Они встали и пожали друг другу руки. Джон сказал:
– Скажу вам честно. Вчера было лучше.
– И как вы себя сегодня чувствуете, позвольте поинтересоваться?
– Преподобный отец.
– Доктор.
Мы с Джоном вернулись на свою квартиру, но поначалу в том Тодовом состоянии трудно было насладиться ее красотами (например, огромным слуховым окном). Неплохо было бы не путаться у него под ногами. Какой-нибудь женщине, типа Айрин, рядом с ним пришлось бы несладко. Так что можете себе представить, каково было находиться у него внутри.
Затем позвонил Преподобный и поделился новостью о надвигающейся грозе, и я подумал было, что именно это мы меньше всего хотели бы от него услышать. Но в итоге все как-то на удивление обошлось, небеса не разверзлись. День прошел в приятном одиночестве. Телевизор, газета, решение мелких бытовых проблем: измельчитель кухонных отбросов, ноготь на ноге, пуговицы на рубашке, лампочки. Самосознание, оказывается, не невыносимо. Оно прекрасно: вечное творение, распад ментальных форм. Покой… Ближе к полудню Джон стал вести себя весьма знакомым образом: потягиваться, почесываться и довольно вздыхать. Это значило, что он собирается на работу.
Я мог лишь наблюдать за тем, как он меняется. Нагрудник с короткими рукавами, белый халат. Я поискал взглядом черные сапоги. Нет. Лишь белые сабо на деревянной подошве. К чему они? Теперь Джон был чист, бодр и готов к жизни.

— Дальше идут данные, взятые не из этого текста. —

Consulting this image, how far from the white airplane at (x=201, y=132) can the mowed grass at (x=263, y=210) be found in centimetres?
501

Он прошел пять кварталов, и никто не пытался его остановить. Небо не пролилось над его головой, толстощекие облака не надулись от горя. Равно как и земля: асфальт не разверзся, чтобы поглотить его или похоронить. Да и ветер не дышал дьявольским ураганом, а веял легонько и нежно. Могу засвидетельствовать лишь отчаянный детский плач, перепуганный взгляд чернокожего бомжа на перекрестке Тринадцатой и Седьмой и то, как всю дорогу прохожие, казалось, шарахались от нас, даже те, одетые в форму (которые за что-нибудь отвечают), словно говорили: «Не обращайте на нас внимания. Мы просто разбираем здания», или «Мы всего лишь разжигаем пожары», или «Мы просто колупаем автострады», или «Мы всего лишь разбрасываем мусор». Вот оно, здание с дежурными, носильщиками, секретарями, санитарами с носилками и каталками, – и все нас знают. Доктор Янг. Ведь мы – мы, мы, мы! – разрушаем человеческие тела.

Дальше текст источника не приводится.